Social-media surveillance

In Denmark, caseworkers can demand Facebook log-ins to verify asylum-seekers’ identities, while in the UK, refugees’ social media accounts can be legally checked if they claim to be fleeing persecution for being gay. The US already collects public social media data from visa applicants and is extending this to refugees; valid visa holders have been denied entry due to posts made by friends.

Smartphone extraction

A booming mobile forensics industry allows authorities to bypass passwords on digital devices, enabling them to download, analyse, and visualize personal data – even data that the user believes they have deleted. Immigration officials in Germany, UK, Norway and Austria routinely mine asylum-seekers’ phones for routes, messages and other private data.

Decision by algorithm

Having a computer program determine whether people can enter is bringing yet more bias and opacity to immigration systems. Canada has been using ‘augmented decisionmaking’ since 2014 to determine whether marriages are genuine, or a would-be citizen ‘poses a risk’; while in the UK in 2018 an algorithm led to the wrongful deportation of over 7,000 foreign students.

Facial recognition

Moscow reportedly has 5,000 cameras equipped with automated facial recognition software, which cross-reference faces in real time against police and passport databases, and images on Russian social network Vkontakte.
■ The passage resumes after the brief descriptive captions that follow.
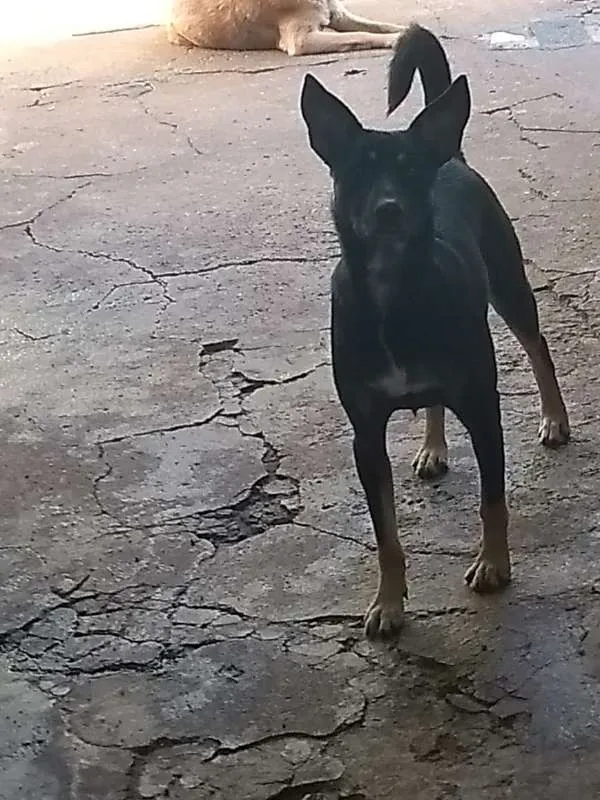 Cachorro ra a srd idade 2 anos nome Sabrina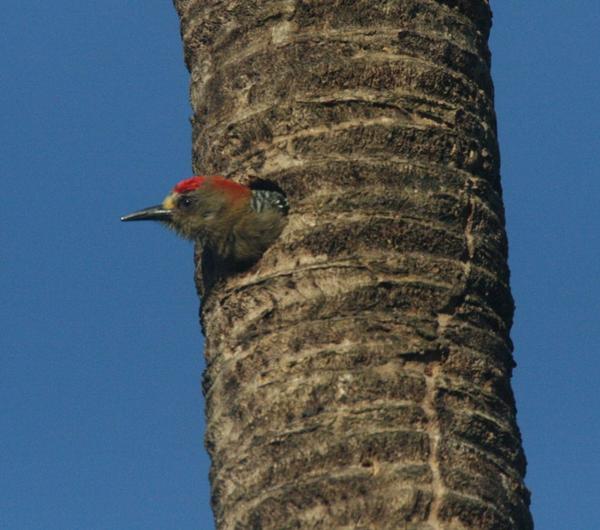 Red-crowned Woodpecker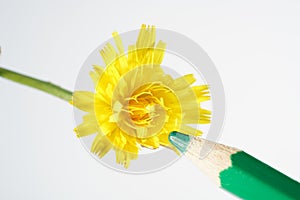 Isolated shot of a green pencil next to a flower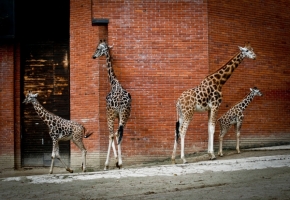Zvěř, zvířata a zvířátka - Žirafí balet...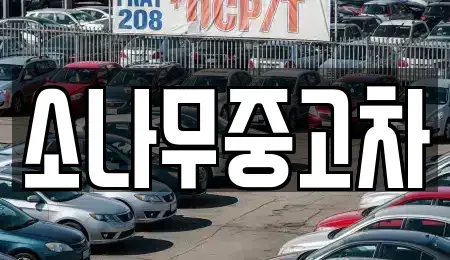 전북 김제시 서암동 중고차매매 전문 소나무중고차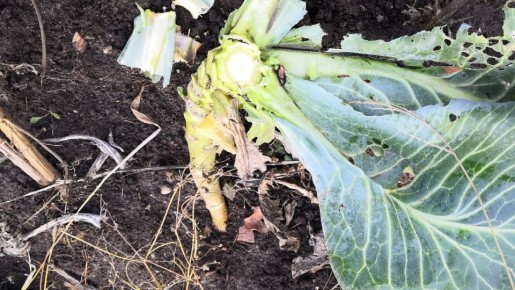 ��� ��������� ��������� ���������: ������� ��������� ������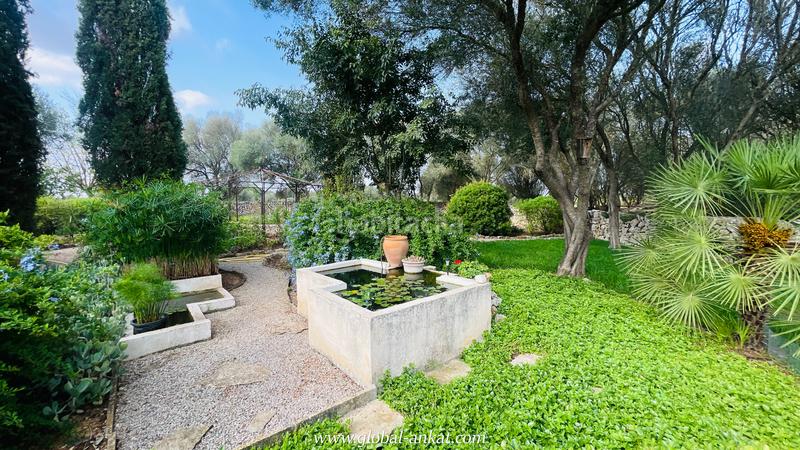 Foto b5c004d2-b34c-406b-a2ad-31fbf249e5bd. Casale con camino parcheggio in Felanitx poble Felanitx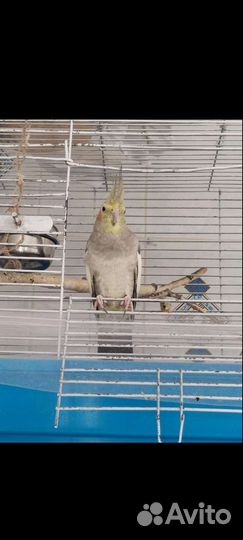 Попугай корелла с клеткой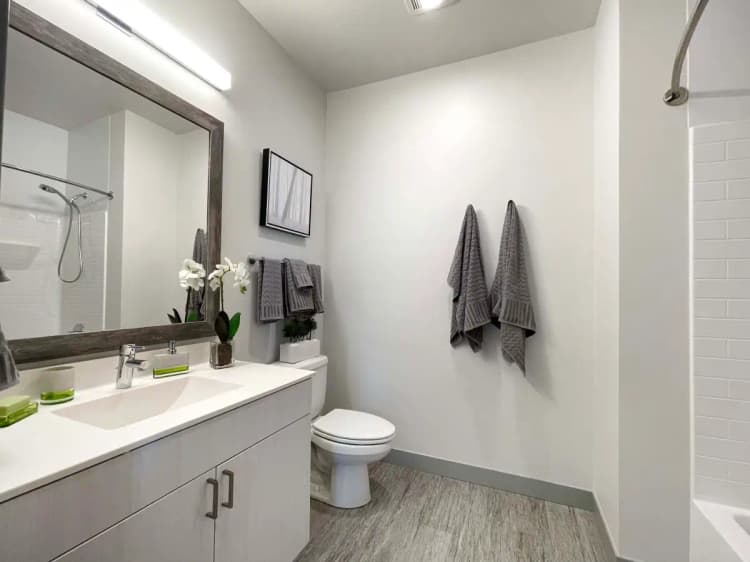 undefined apartments for rent - image - img_5435.webp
Amazon already sells its Rekognition software to police and has reportedly pitched it to US Immigration agency ICE.

Data collection, storage and sharing

Governments are now able to create and analyse huge databases on shareable cloud-based storage. In the US, authorities use this data to hunt down undocumented people living and working inside the country. In the UK, sophisticated data sharing and matching is used to block access to public services and confirm migrants’ whereabouts for deportation orders.

Iris-scanning

In Jordan, the World Food Programme is using retina scans to distribute food to refugees. Developed in the name of efficiency, the mass processing of the biometric data of a highly vulnerable group of people begs two questions – what if this data falls into the wrong hands? And how can someone ‘consent’ to their data being taken, when it’s tied to survival?